Emerging Growth Company ☐
If an emerging growth company, indicate by check mark if the registrant has elected not to use the extended transition period for complying with any new or revised financial accounting standards provided pursuant to Section 13(a) of the Exchange Act.
☐
Item 5.02 Departure of Directors or Certain Officers; Election of Directors; Appointment of Certain Officers; Compensatory Arrangements of Certain Officers.
(b) Resignation of Chief Financial Officer
On August 1, 2024, consistent with her previously announced plan to retire, Mary Riskey resigned from her role as Vice President and Chief Financial Officer of Two Harbors Investment Corp. (the “Company”).
(c) Appointment of Interim Chief Financial Officer
On August 1, 2024, the Board of Directors of the Company appointed William Dellal as Vice President and Interim Chief Financial Officer of the Company, effective immediately. Mr. Dellal will report to William Greenberg, the Company’s President and Chief Executive Officer.
Mr. Dellal, age 74, most recently served as Head of Monetization Strategy and Operations of Pagaya Technologies Ltd. from January to July of 2024. Prior to that, Mr. Dellal held various executive roles with Caliber Home Loans, Inc., including serving as President from 2021 to 2022 and as Chief Financial Officer from 2016 to 2021. From 2009 to 2016, Mr. Dellal served as Managing Director and Head of Capital Markets at CitiMortgage, Inc. Mr. Dellal holds a B.A. from Swarthmore College and a Ph.D. from the Massachusetts Institute of Technology.

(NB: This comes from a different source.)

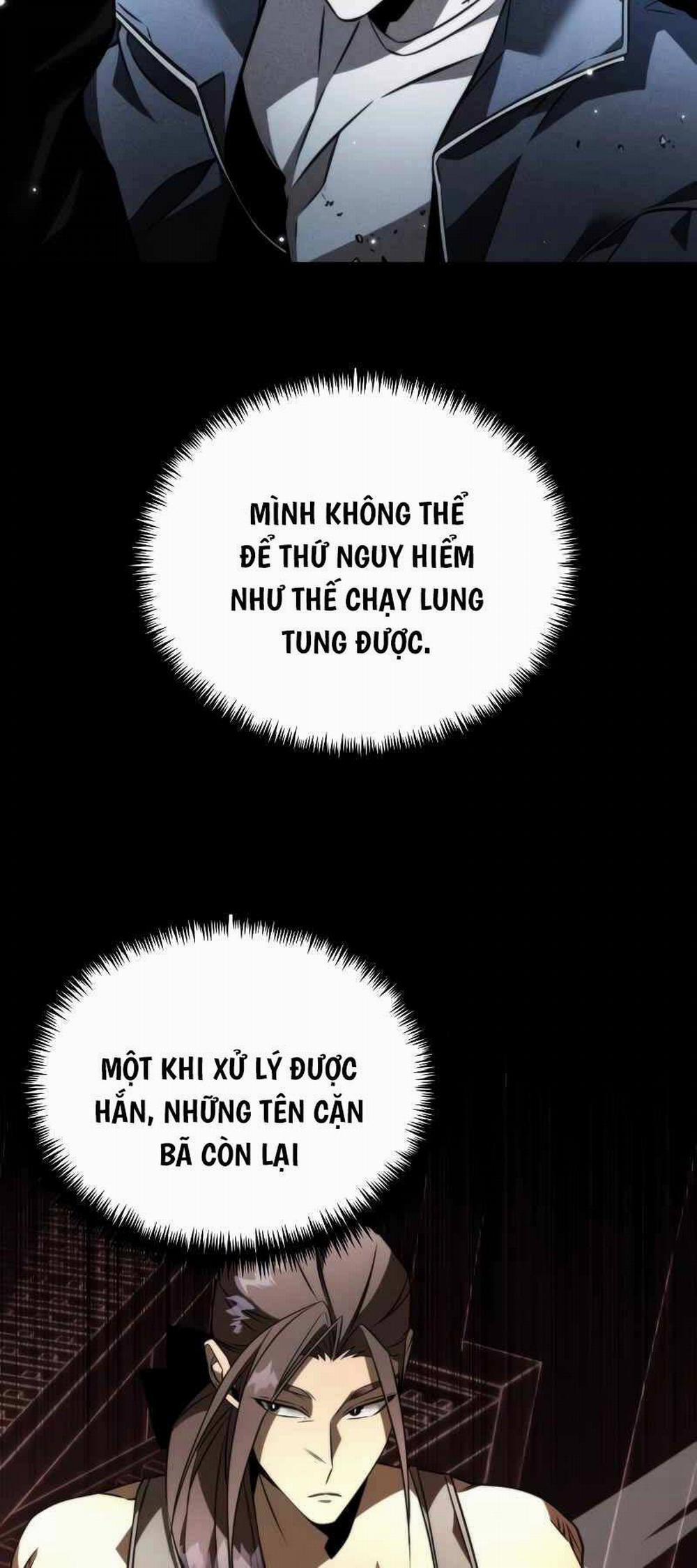 Chiến Binh Hồi Quy 20 trang 12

In connection with his appointment, Mr. Dellal will be paid an annual base salary of $500,000. For the 2024 performance year, Mr. Dellal will be entitled to receive an annual cash incentive award of $213,115, which amount shall be guaranteed and shall be paid in the first quarter of 2025. In the event Mr. Dellal is removed from his position by the Company, other than for cause, prior to his first anniversary of employment, he will be entitled to receive an additional payment of $286,885. This additional payment, if any, would be payable in the first quarter of 2026. In the first quarter of 2025, Mr. Dellal will also be entitled to receive an award of restricted stock units (“RSU”) equal to $500,000. The terms and conditions of this RSU award shall be consistent with those of the Company’s other executive officers. As an executive officer of the Company, Mr. Dellal will be subject to the Company’s Incentive Compensation Recoupment Policy and Stock Ownership and Retention Policy. Given then interim nature of his role with the Company, however, Mr. Dellal will not be eligible to participate in the Company’s Severance Benefits Plan. Mr. Dellal does not have an employment agreement with the Company.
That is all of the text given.